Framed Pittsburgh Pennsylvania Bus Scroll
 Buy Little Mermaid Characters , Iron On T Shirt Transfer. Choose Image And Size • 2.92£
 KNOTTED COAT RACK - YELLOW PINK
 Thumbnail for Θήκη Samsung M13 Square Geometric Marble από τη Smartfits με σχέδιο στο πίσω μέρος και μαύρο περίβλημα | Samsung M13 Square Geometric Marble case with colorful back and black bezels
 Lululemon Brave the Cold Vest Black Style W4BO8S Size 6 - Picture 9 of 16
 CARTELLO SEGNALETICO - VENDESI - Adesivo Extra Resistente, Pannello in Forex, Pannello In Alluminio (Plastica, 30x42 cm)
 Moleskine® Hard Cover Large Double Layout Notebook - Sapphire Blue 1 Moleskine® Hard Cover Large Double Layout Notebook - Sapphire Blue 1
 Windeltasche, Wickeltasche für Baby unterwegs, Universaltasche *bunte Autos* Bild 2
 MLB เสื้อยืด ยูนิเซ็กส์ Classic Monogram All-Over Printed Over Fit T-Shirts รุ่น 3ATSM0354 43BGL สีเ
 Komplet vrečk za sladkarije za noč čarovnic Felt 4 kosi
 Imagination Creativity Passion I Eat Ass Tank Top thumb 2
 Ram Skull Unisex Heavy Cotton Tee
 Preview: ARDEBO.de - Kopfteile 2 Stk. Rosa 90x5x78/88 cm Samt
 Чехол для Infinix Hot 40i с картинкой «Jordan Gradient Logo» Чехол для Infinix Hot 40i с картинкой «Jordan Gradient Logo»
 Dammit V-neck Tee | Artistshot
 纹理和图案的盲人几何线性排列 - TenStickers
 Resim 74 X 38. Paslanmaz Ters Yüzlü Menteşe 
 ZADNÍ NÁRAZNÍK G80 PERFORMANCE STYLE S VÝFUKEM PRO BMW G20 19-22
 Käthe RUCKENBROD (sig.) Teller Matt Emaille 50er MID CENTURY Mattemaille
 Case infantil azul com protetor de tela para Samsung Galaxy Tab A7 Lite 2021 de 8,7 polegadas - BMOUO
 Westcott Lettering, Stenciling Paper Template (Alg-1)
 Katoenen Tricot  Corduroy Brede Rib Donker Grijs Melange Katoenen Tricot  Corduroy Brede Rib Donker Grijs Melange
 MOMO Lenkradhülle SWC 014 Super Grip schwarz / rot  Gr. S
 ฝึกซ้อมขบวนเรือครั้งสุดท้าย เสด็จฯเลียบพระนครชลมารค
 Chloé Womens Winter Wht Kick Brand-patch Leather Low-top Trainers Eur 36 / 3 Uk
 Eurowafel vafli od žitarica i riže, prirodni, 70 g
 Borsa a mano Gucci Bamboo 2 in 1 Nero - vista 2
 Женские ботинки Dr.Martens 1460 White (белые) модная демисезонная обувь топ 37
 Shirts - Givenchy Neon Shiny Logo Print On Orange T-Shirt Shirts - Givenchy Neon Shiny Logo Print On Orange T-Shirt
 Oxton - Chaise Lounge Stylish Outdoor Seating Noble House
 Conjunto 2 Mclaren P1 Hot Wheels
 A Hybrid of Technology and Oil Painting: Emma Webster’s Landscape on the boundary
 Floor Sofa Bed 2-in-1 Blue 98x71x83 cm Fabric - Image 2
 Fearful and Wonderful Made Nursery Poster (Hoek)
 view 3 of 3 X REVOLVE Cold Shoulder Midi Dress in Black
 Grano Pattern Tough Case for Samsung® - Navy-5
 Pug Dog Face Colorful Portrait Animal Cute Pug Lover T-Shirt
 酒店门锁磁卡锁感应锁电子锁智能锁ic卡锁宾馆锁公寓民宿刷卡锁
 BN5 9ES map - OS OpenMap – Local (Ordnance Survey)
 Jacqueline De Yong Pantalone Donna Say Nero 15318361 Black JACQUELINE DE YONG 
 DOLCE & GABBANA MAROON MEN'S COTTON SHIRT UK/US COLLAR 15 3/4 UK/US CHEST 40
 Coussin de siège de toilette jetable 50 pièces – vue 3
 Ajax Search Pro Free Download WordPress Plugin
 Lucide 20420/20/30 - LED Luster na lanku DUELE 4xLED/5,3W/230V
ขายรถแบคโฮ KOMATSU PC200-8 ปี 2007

==*==

▶ _Task prompt_
Reproduce the listing above exactly, but only from its first line through the line holding "Windeltasche, Wickeltasche für"; both of those lines are included.

▶ _Solution to this exercise_
Framed Pittsburgh Pennsylvania Bus Scroll
 Buy Little Mermaid Characters , Iron On T Shirt Transfer. Choose Image And Size • 2.92£
 KNOTTED COAT RACK - YELLOW PINK
 Thumbnail for Θήκη Samsung M13 Square Geometric Marble από τη Smartfits με σχέδιο στο πίσω μέρος και μαύρο περίβλημα | Samsung M13 Square Geometric Marble case with colorful back and black bezels
 Lululemon Brave the Cold Vest Black Style W4BO8S Size 6 - Picture 9 of 16
 CARTELLO SEGNALETICO - VENDESI - Adesivo Extra Resistente, Pannello in Forex, Pannello In Alluminio (Plastica, 30x42 cm)
 Moleskine® Hard Cover Large Double Layout Notebook - Sapphire Blue 1 Moleskine® Hard Cover Large Double Layout Notebook - Sapphire Blue 1
 Windeltasche, Wickeltasche für Baby unterwegs, Universaltasche *bunte Autos* Bild 2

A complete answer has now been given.